A proprietary advantage—and just the beginning
We understand that our proprietary dataset is a big responsibility. We are committed to building better models over time, leveraging our data to improve patient outcomes, accelerate research, and empower physicians. As we continue to expand our data assets and refine our models, we believe Tempus will set the standard for what’s possible in healthcare AI, including:
- Predicting outcomes
- Designing better clinical trials
- Pivoting patient population for investigational drugs
- Assessing risk to aid in closer patient monitoring
- Integrating patients’ co-morbidities associated with their specific disease so that they can be treated holistically (i.e. depression and cardiology issues linked to cancer)

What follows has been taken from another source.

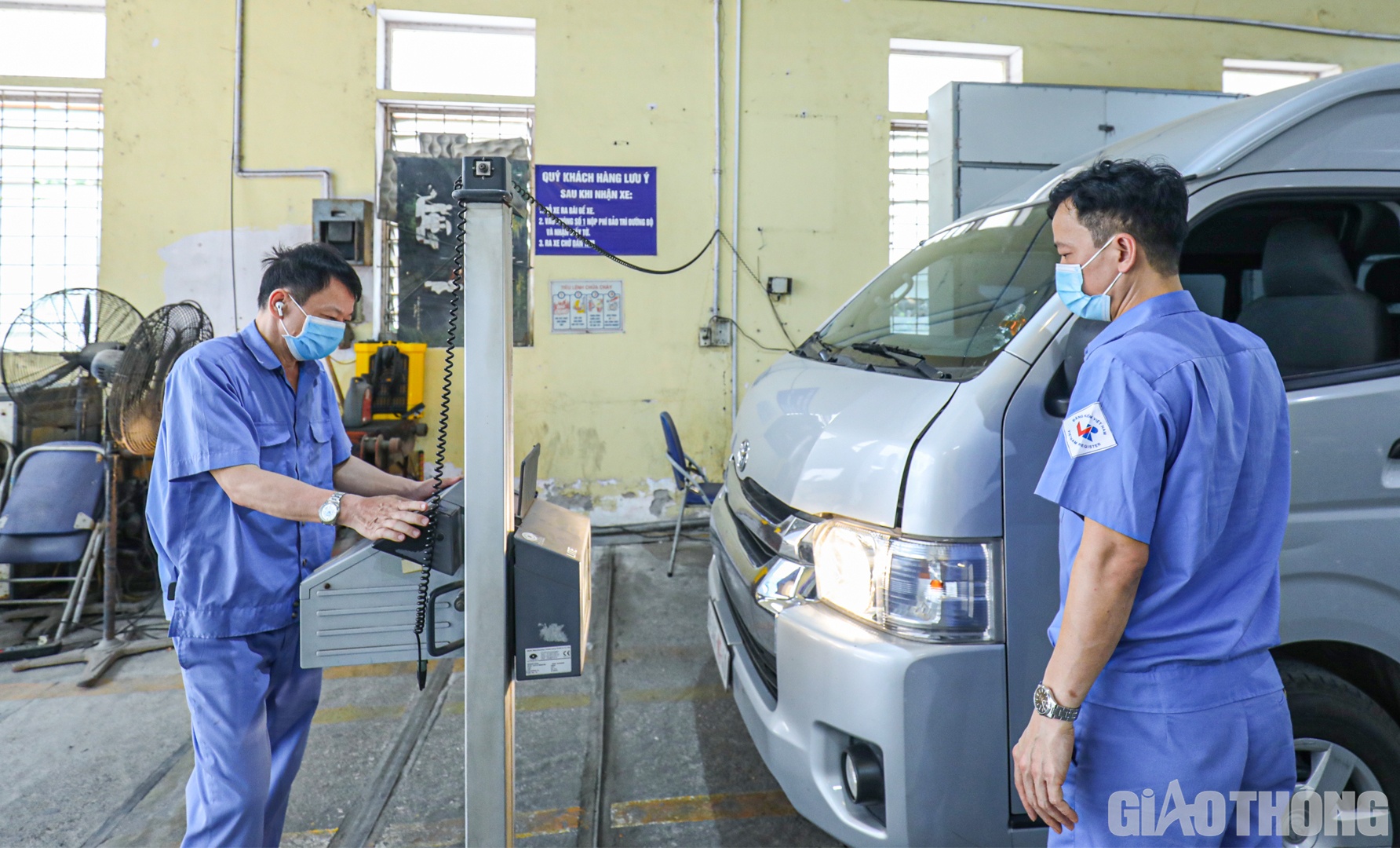 Đối với các xe chở người trên 9 chỗ, thời gian miễn kiểm định là 24 tháng (tăng 6 tháng); sản xuất đến 5 năm, chu kỳ kiểm định định kỳ là 12 tháng (trước đây là 6 tháng), sản xuất trên 5 năm, chu kỳ kiểm định định kỳ là 6 tháng.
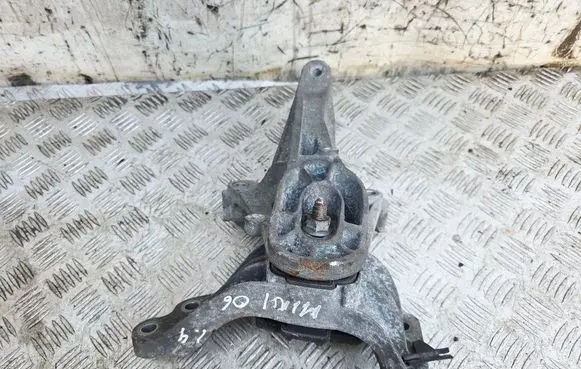 Mini One - Cooper Coupe R56 Engine mount bracket 6784357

- Deploying an AI-driven co-pilot across providers’ EHR systems to query patient data, streamline and maximize workflows, and create efficiencies for administrative tasks.
Conclusion
Building a foundation model demands not only significant capital and talent but, more critically, access to high-quality datasets. At Tempus, we’re embedding AI into all aspects of our platform, allowing us to create high-quality, multimodal datasets for future AI development. There are no shortcuts to solving this data challenge. It requires vision, persistence, and the hard work of building trust and infrastructure with stakeholders across our industry. Tempus has met that challenge head on, and we are proud to lead the way in transforming healthcare through real-time, data-driven AI.